A faithful copy of all the data is the goal; omit the pictures.

▸ Material provided:

-.-.-

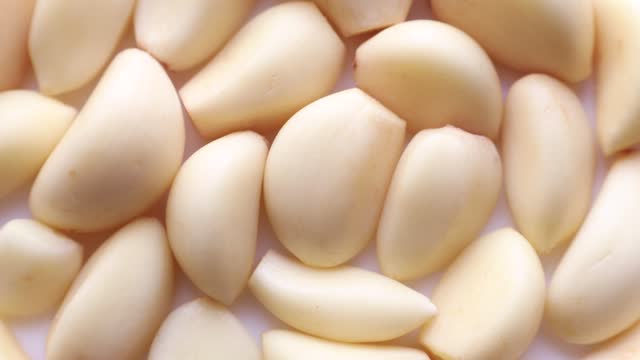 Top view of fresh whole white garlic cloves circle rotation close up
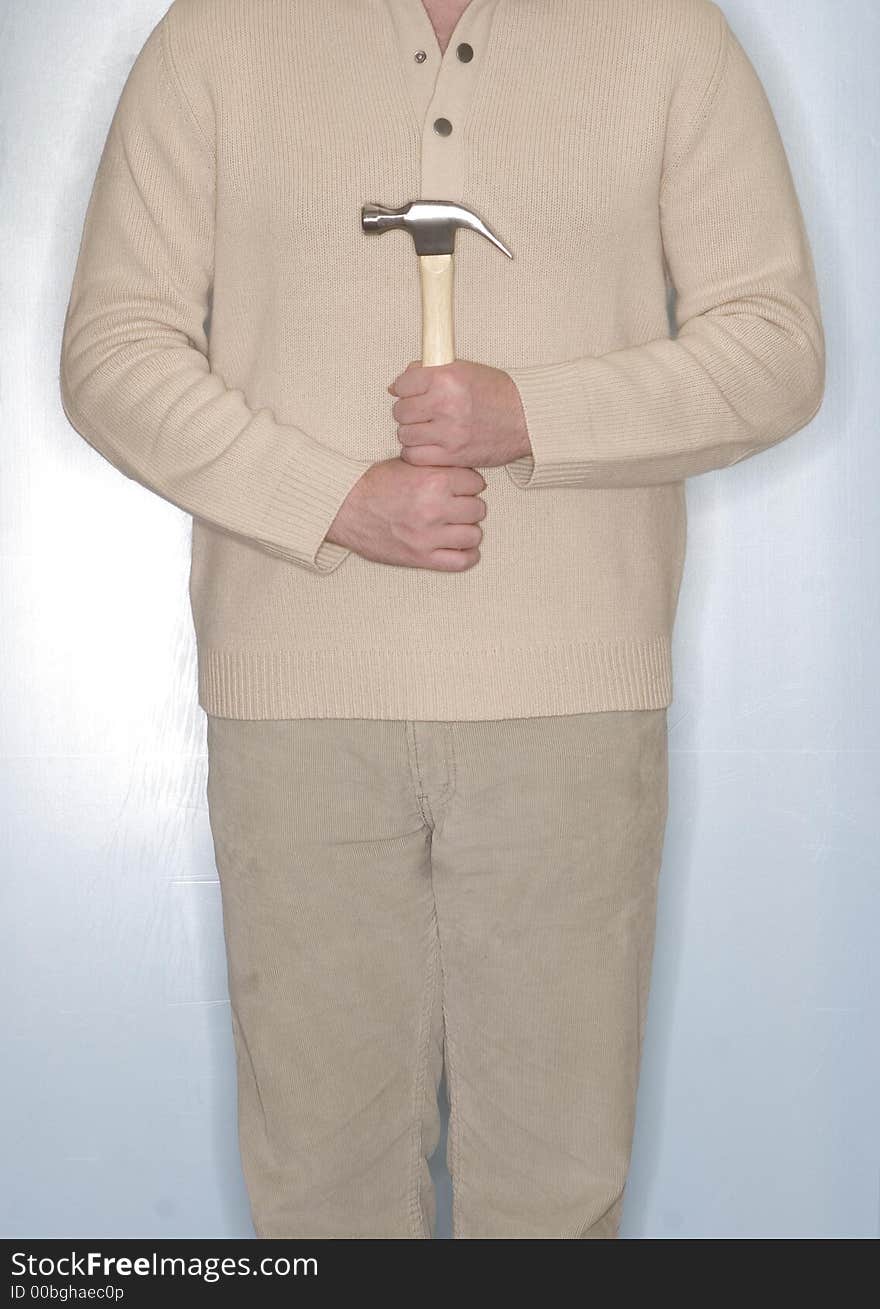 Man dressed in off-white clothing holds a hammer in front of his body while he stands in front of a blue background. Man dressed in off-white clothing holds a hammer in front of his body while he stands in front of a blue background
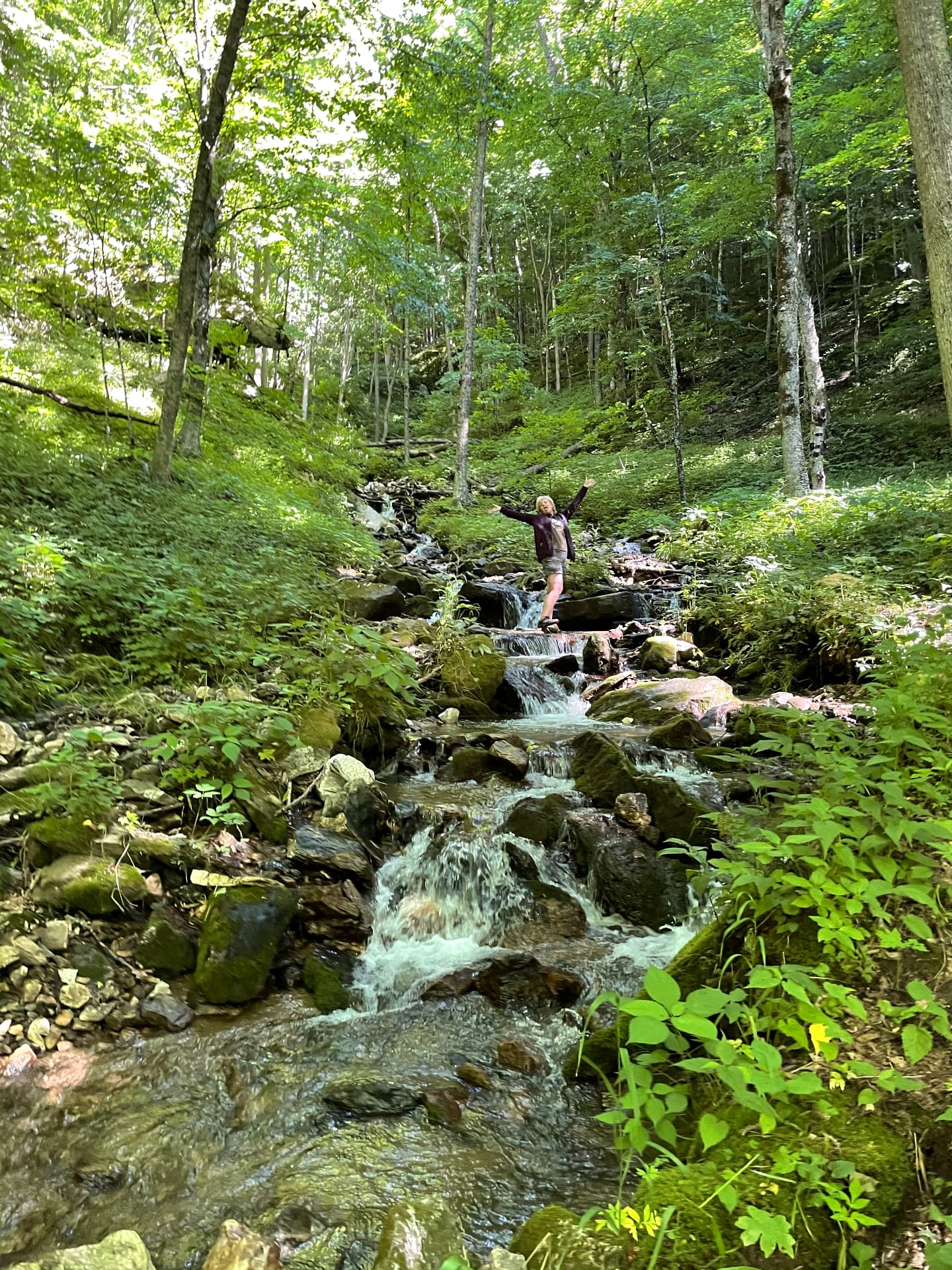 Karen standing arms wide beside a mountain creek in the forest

-.-.-

▸ Result of the task:
 Top view of fresh whole white garlic cloves circle rotation close up
 Man dressed in off-white clothing holds a hammer in front of his body while he stands in front of a blue background. Man dressed in off-white clothing holds a hammer in front of his body while he stands in front of a blue background
 Karen standing arms wide beside a mountain creek in the forest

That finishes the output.